Completed archive with Chrome extenstion

JackMc · July 5, 2021, 7:23pm

I’ve completed the capture I’ve mentioned in various other threads about a 1 year course I took, and tested it in Google Chrome. It works. Along the way I saved various .wacz’s. The most recent one is about 5 GBs. Prior to that I had a 1 GB (lots of multimedia added since then). The 1 GB works. The 5 GB lists zero URLs in https://replayweb.page/. So as far as I can tell there is no way to access the month or so of capturing I did when going back to .wacz. I do see all the data, and can access it in the Chrome extension, but would much prefer it backed up, and saved to .wacz.

Any reason I see no URLs in the larger .wacz? But the older, smaller, .wacz works just fine.

JackMc · July 5, 2021, 8:07pm

In case it is not clear the archive was done with the extension ArchiveWeb.page and the version is 0.6.9.

Have tried .warc but it is taking a long time to reload (not useable at around 5 GB - on a Dell XPS from 2017 with Intel(R) Core™ i7-7700HQ CPU @ 2.80GHz and 16 GB of RAM, generally fast enough to still surf the web just fine).

ilya · July 7, 2021, 3:48am

That’s great that you were able to finish it!

Yes, so unfortunately, currently the extension doesn’t produce valid WACZ files if they exceed 4GB. Probably should make this more clear as well, or warn about this. The plan is to fix this via this issue: Switch to zip.js to have zip64 support · Issue #36 · webrecorder/archiveweb.page · GitHub

One option is to download as WARC, then use the py-wacz tools to create a WACZ, which does support WACZ files >4GB. Another option if you have several WACZ files, let me know and I can help you combine them into one (also using py-wacz, but not yet an automated way to do it).

JackMc · July 8, 2021, 6:17am

Well that is good news that it sounds like I have an archive somewhere slightly hidden on my Windows machine.
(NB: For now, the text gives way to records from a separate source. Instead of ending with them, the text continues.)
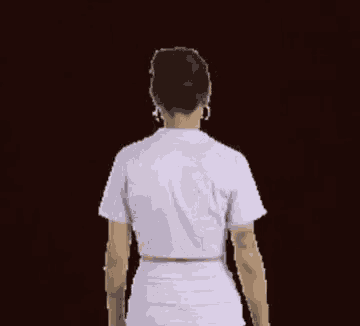 the back of a woman wearing a white shirt and shorts is standing in front of a dark background .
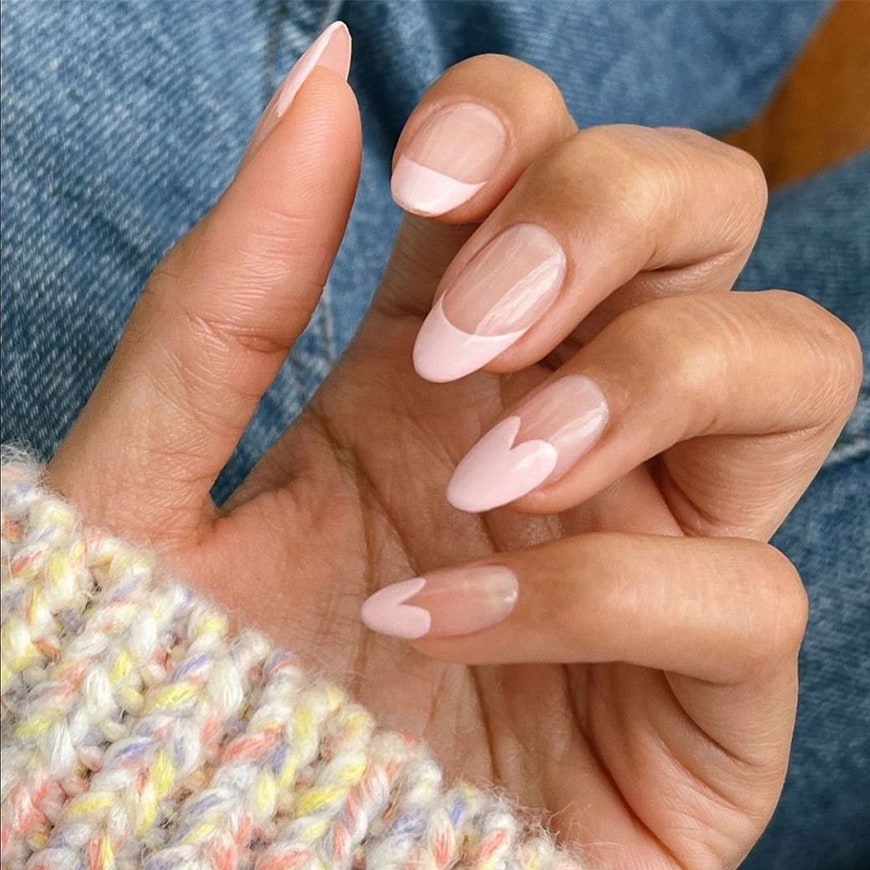 @overglowedit has pink French tips in the shape of hearts on their nails. | ASOS Style Feed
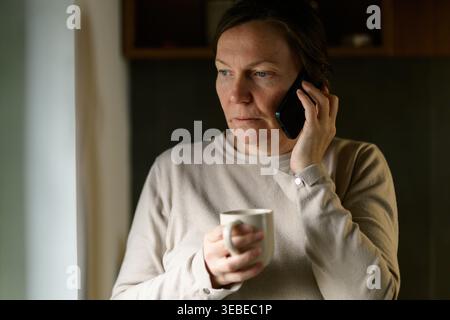 Thoughtful middle-aged woman sips coffee while speaking on her smartphone in a dim kitchen, conveying quiet concentration, morning routine and private Stock Photo
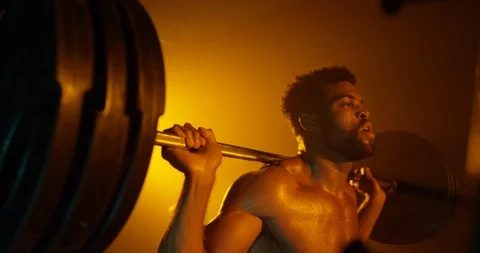 Physically fit doing heavy weight exercise with barbell Stock Footage 116360747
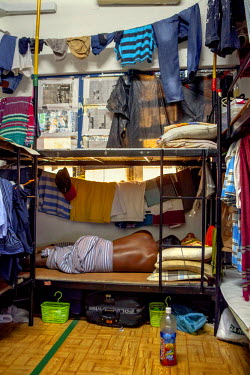 A worker's dormitory that houses mostly migrants from Bangladesh and India. Many such accommodations are illegal, have very poor security and hygiene and are usually overcrowded.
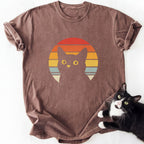 Retro black cat sunset graphic tee in brown with yellow eyes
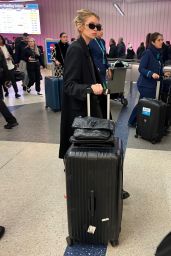 Stella Maxwell Arriving at Los Angeles International Airport 02/04/2024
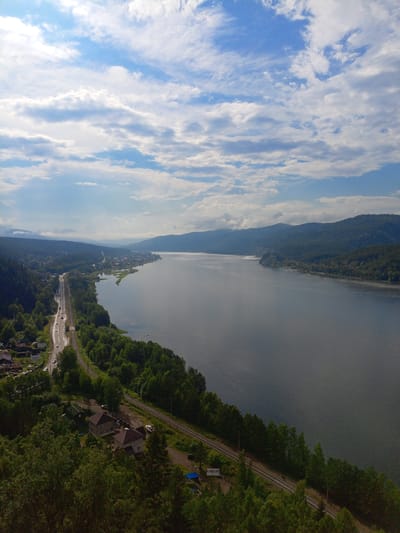 This aerial photograph captures a serene landscape of a wide, calm river winding through a valley. The river dominates the right side of the image, reflecting the cloudy blue sky. On the left side of the river, a lush, green hillside is covered in dense trees. A road runs parallel to the river, with a few cars visible. Adjacent to the road are train tracks.
Further inland, a small town or village is nestled along the riverbank, with houses and buildings clustered together. The scene is bathed in daylight, likely mid-morning or early afternoon, given the brightness and the presence of scattered clouds in the sky. The weather appears pleasant, with a mix of sun and clouds creating a gentle ambiance.
In the foreground, closer to the viewer, are more houses and trees, indicating a residential area on the hillside overlooking the river. The overall impression is one of peace and natural beauty.
There is a visible sign in Cyrillic script near the train tracks that reads "СЛИЗНЕВО". This suggests the location is Sliznevo, Russia. The image evokes a sense of tranquility and the vastness of nature.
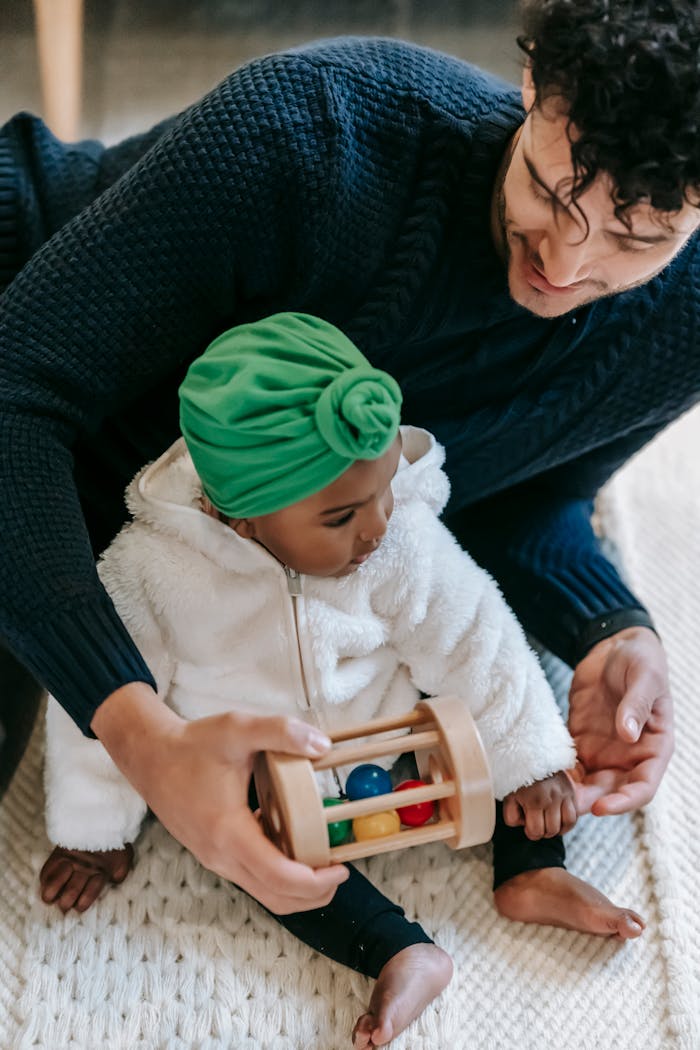 From above of crop happy ethnic man in casual clothes playing with cute black daughter in turban sitting on carpet at home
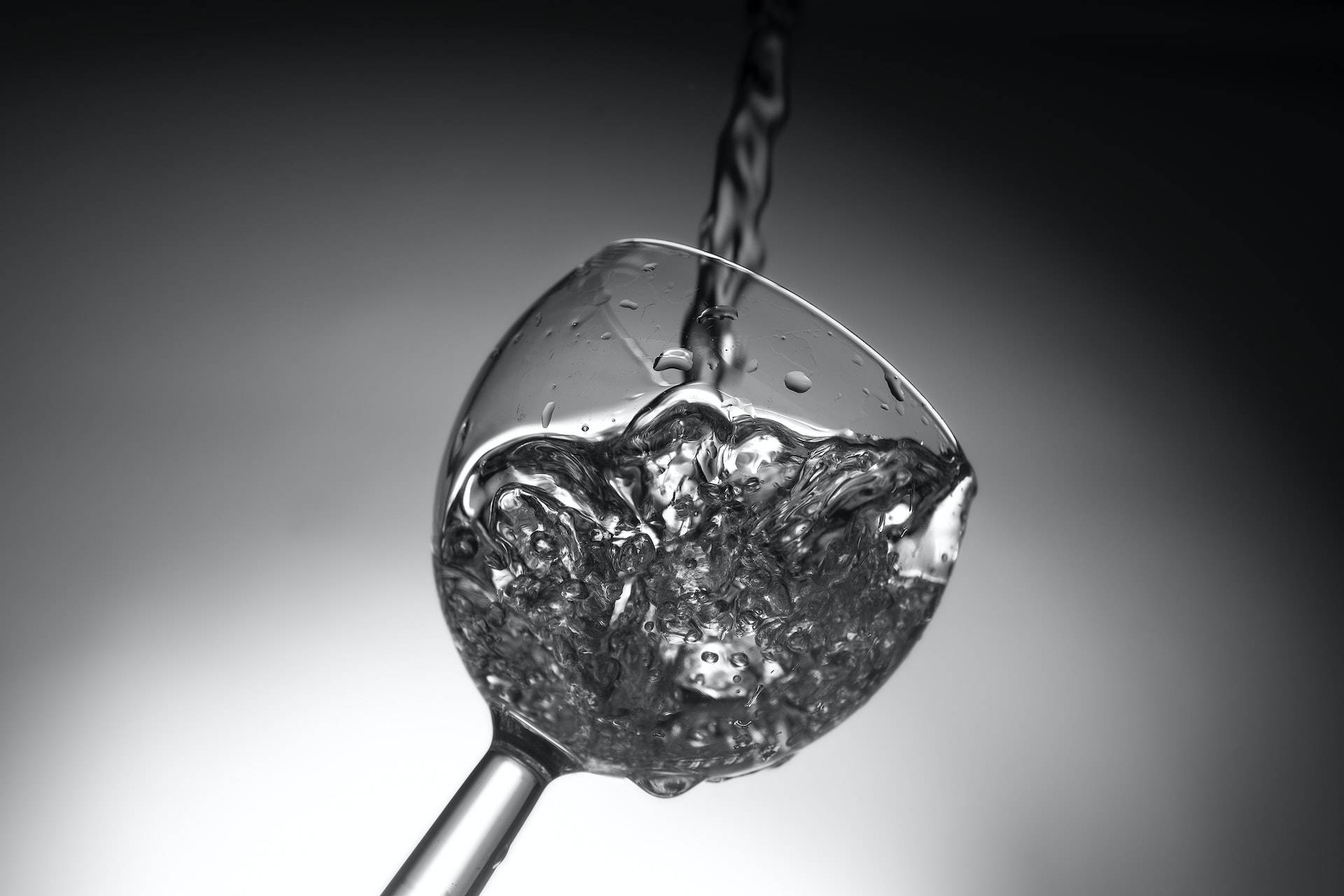 水倒入玻璃杯中，在黑白中產生氣泡和水滴。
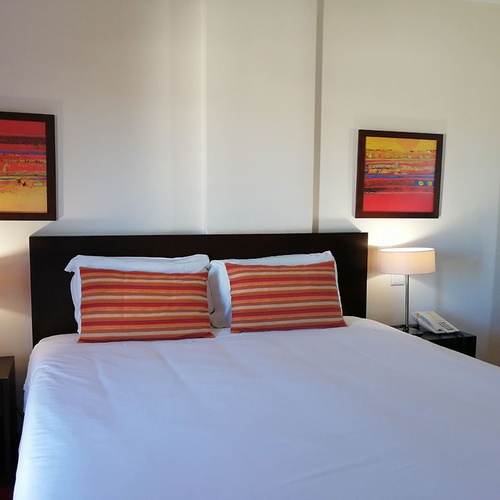Habitación con cama doble, cuadros abstractos y lámpara de noche en Hotel Monaco.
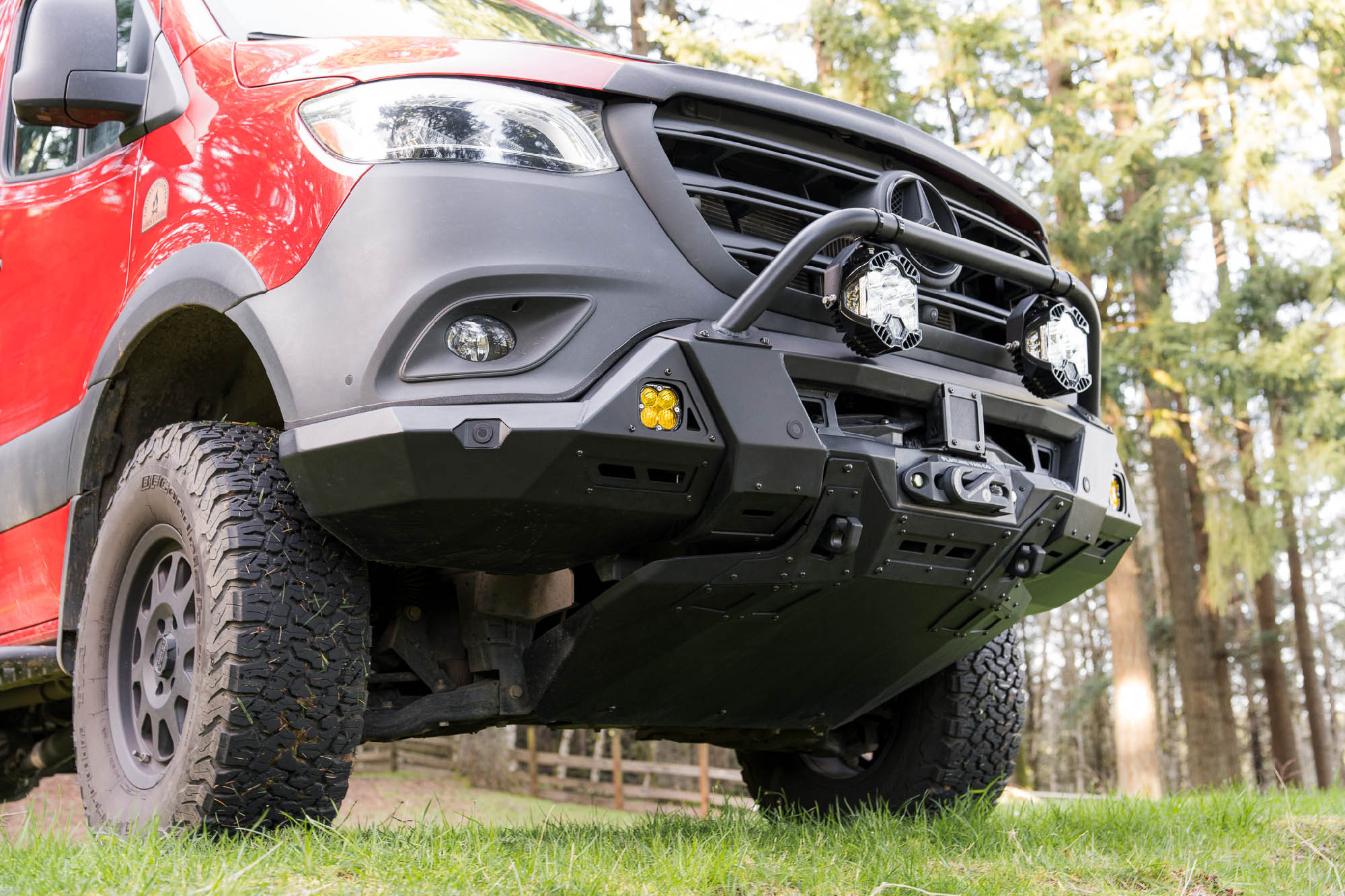 Low view of Sprinter Van Front Bumper by FVC with skid plate, bull bar, winch setup, and offroad lighting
I think it is in here \AppData\Local\Google\Chrome\User Data\Default\IndexedDB

Not sure if I need it, but I downloaded Anaconda (python 3.8), then added git from the Anaconda Navigator, then git cloned https://github.com/webrecorder/wacz-format.git . Then I followed the instructions here wacz-format/README.md at main · webrecorder/wacz-format · GitHub . The install seemed to work but there were a few warnings and then a bunch of ‘best matches’.

Generating the WACZ resulted in hundreds of lines that said: “Expecting value: line 1 column 1 (char 0)” and the final 3 lines said:
File “C:\Users\username\anaconda3\lib\zipfile.py”, line 1556, in open
raise BadZipFile(
zipfile.BadZipFile: File name in directory ‘archive\archivename.warc’ and header b’archive/archivename.warc’ differ.

A 5 GB WACZ was created but it doesn’t work in ReplayWeb.page.

Unforturnately my WACZs all overlap. It is simply an expanding archive over time as I made a few backups during the the process. No need to combine.

ilya · July 15, 2021, 10:11pm

Yes, the data is in indexeddb, but not easily accessible from there.

Would you mind sharing the raw WARC that you’ve downloaded?

Looking at some issues in py-wacz tools, hopefully will be a simple fix.

I was suggesting you download some pages from the extension to avoid exceeding the 4GB limit currently. We should be able to create one WACZ that has everything though!

JackMc · July 18, 2021, 2:09pm

Thanks for being willing to look at my WARC! The first GB of archiving was the most important, and I do have a separate WACZ for that. The next 4 GB was easier to archive as it was mostly media, less links to click taking up that space. My plan is to redo a separate archive for that second tranche. If I really, really need to have one WACZ I’ll see about trying to get you the raw WARC, for now I’ll plan on having multiple ones and staying below the limit. Thank you, and thank you for these archiving tools and your forum.